Pour ce qui est des autres activités de l’OCDE, rappelons qu’en novembre 2013, les participants à l’arrangement de l’OCDE ont conclu un «accord sectoriel sur les crédits à l’exportation d’infrastructures ferroviaires» («RSU»). Parvenir à faire accepter cet accord, qui était un objectif majeur de l’Union, par tous les participants, y compris ceux détenant de faibles intérêts commerciaux dans ce secteur, a nécessité d’importantes concessions. Le contexte des négociations ayant évolué favorablement en 2014, il a été possible d’amener les participants à revisiter le texte du RSU et à alléger sensiblement certaines dispositions à caractère restrictif.

La mise en œuvre de l’accord sectoriel sur les crédits à l’exportation d’aéronefs civils conclu en 2011 («ASU 2011») s’est poursuivie pendant la période couverte par le rapport. On peut y voir le signe du succès rencontré par l’ASU 2011 car, après quatre ans d’application, l’OCDE n’a relevé aucun argument majeur en faveur d’une révision fondamentale de l’accord (révision qui aurait néanmoins été officiellement possible en 2015).
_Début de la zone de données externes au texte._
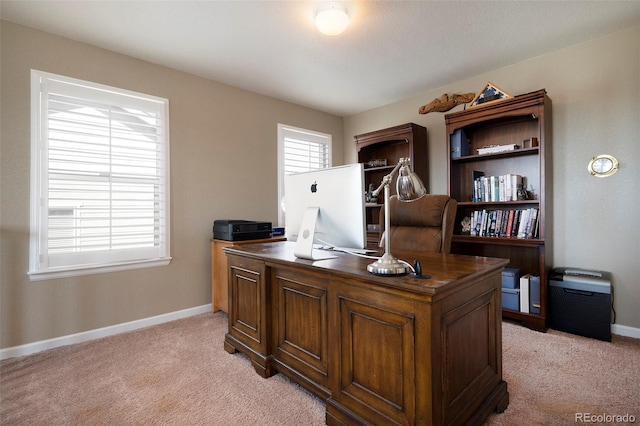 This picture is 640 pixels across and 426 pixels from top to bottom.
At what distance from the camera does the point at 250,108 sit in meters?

Au contraire, les participants sont convenus de repousser le dossier jusqu’en 2019.

Enfin, les travaux techniques sur le réexamen des dispositions de l’arrangement de l’OCDE sur les taux d’intérêt de même que sur le régime des primes pour les pays de l’OCDE à haut revenu se sont poursuivis, mais ils n’ont débouché pour l’heure sur aucun résultat définitif.

La Commission tiendra le Parlement européen dûment informé des évolutions futures.
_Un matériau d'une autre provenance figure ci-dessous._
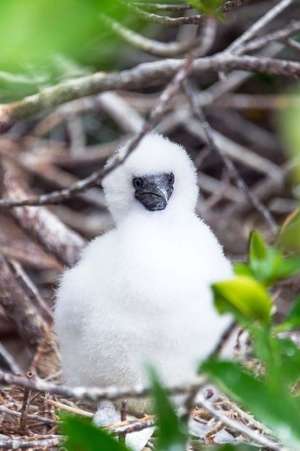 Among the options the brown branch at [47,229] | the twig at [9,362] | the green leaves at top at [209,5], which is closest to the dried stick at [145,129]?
the green leaves at top at [209,5]

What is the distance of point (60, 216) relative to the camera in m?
5.11

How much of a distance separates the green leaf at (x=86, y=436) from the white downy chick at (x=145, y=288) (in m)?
1.21

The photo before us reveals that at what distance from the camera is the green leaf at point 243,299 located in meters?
1.47

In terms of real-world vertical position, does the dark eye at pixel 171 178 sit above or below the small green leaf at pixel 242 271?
below

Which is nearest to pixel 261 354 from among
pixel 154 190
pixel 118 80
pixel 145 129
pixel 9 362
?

(1) JO L 326 du 8.12.2011, p. 45.
(2) En vigueur depuis 1978, l’«arrangement» est une convention non contraignante («Gentleman’s Agreement») conclue entre l’Union européenne, les États-Unis, le Canada, le Japon, la Corée, la Norvège, la Suisse, la Nouvelle-Zélande et l’Australie, dont l’objectif principal est de garantir des conditions équitables entre les programmes de crédit à l’exportation de ses participants. L’arrangement et les modifications ultérieures qui y ont été apportées ont été transposés à intervalles réguliers dans le droit de l’Union.
(3) C’est notamment le cas de la Chine et de l’Inde. Le Brésil constitue quant à lui un cas particulier, dans la mesure où il participe à l’accord sectoriel relatif aux crédits à l’exportation d’aéronefs civils mais refuse d’adhérer à l’arrangement général en tant que tel.
(4) Le groupe de travail international sur les crédits à l’exportation («GTI») a été créé en 2012 à la suite d’une initiative commune du président Obama et de l’ancien vice-premier ministre Xi Jinping. Il compte 18 membres (les neuf participants à l’arrangement de l’OCDE, à savoir l’Union européenne, les États-Unis, le Canada, le Japon, la Corée, la Norvège, la Suisse, l’Australie et la Nouvelle-Zélande, auxquels s’ajoutent la Chine, le Brésil, l’Inde, la Russie, l’Afrique du Sud, l’Indonésie, la Malaisie, la Turquie et Israël). Son objectif à terme est d’amener ses membres à convenir d’un nouveau corpus de règles multilatérales sur les crédits à l’exportation. Un groupe de pilotage composé des États-Unis, de la Chine, de l’Union européenne et du Brésil a été formé à cet effet. Ses quatre membres organisent et président les réunions du GTI à tour de rôle.
(5) Le secteur de la construction navale et celui des équipements médicaux.